End of sermonette. :D
A picture of RA as sort of promised:
Yeah, I know you understand what I’m saying, Rich.
Screencap courtesy of my stash.
Post script: My mother just reminded me that the first time my obstinate nature clashed with a teacher was actually in kindergarten. The class was learning to print their names. My name ends in an ‘A’, and I’ve always hated the look of a lower case ‘a’, and when it was on the end of my name, it didn’t look finished. So when I printed my name, I ended it with a small sized capital ‘A’, and I still print it that way today. (Yes, I know it’s harder to write. :D). When the teacher came by to check my paper, she said, “No, honey, you must write it like this — ‘a’. I just nodded and then kept writing it with a capital ‘A’. The teacher got so flustered with me that she actually screamed at me and ripped up my paper in several pieces.

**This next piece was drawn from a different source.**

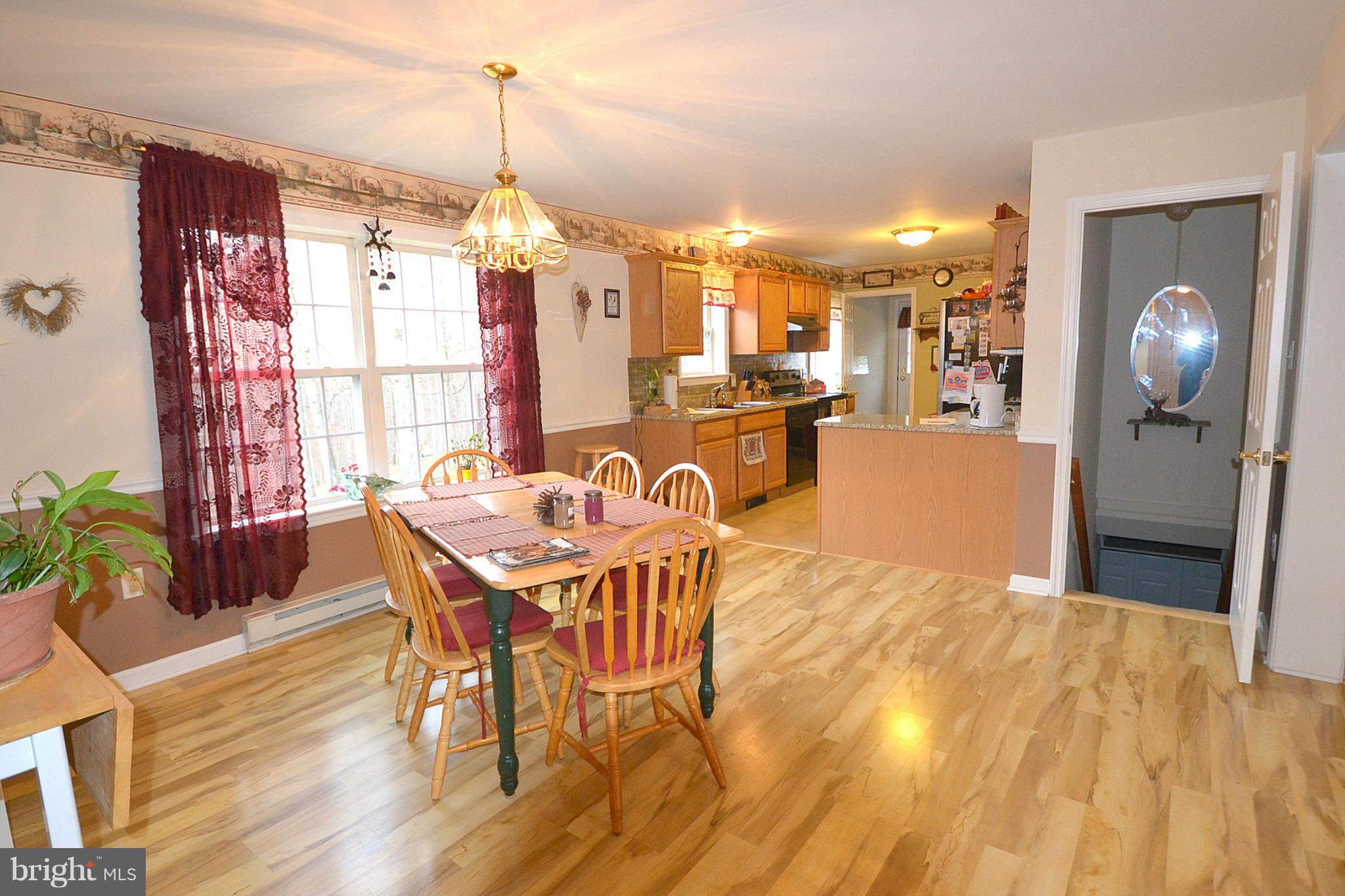 259 McCubbin Road Winchester, VA 22603 - Photo 10 of 30 Dining Room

She gave me another paper, but I still proceeded to write with an ‘A’ on the end. She finally called my mother, who met with her that afternoon. The teacher told her I was developmentally delayed (or whatever pc language teachers used back then to say a kid was slow mentally). Mother was devastated and went home in tears. When my dad came home from work, he quizzed her about her upset, and she told him what the teacher had said and how she wasn’t sure what to think. To which good ol’ dad said, “Oh, that’s horseshit. The kid can write in cursive for cryin’ out loud.”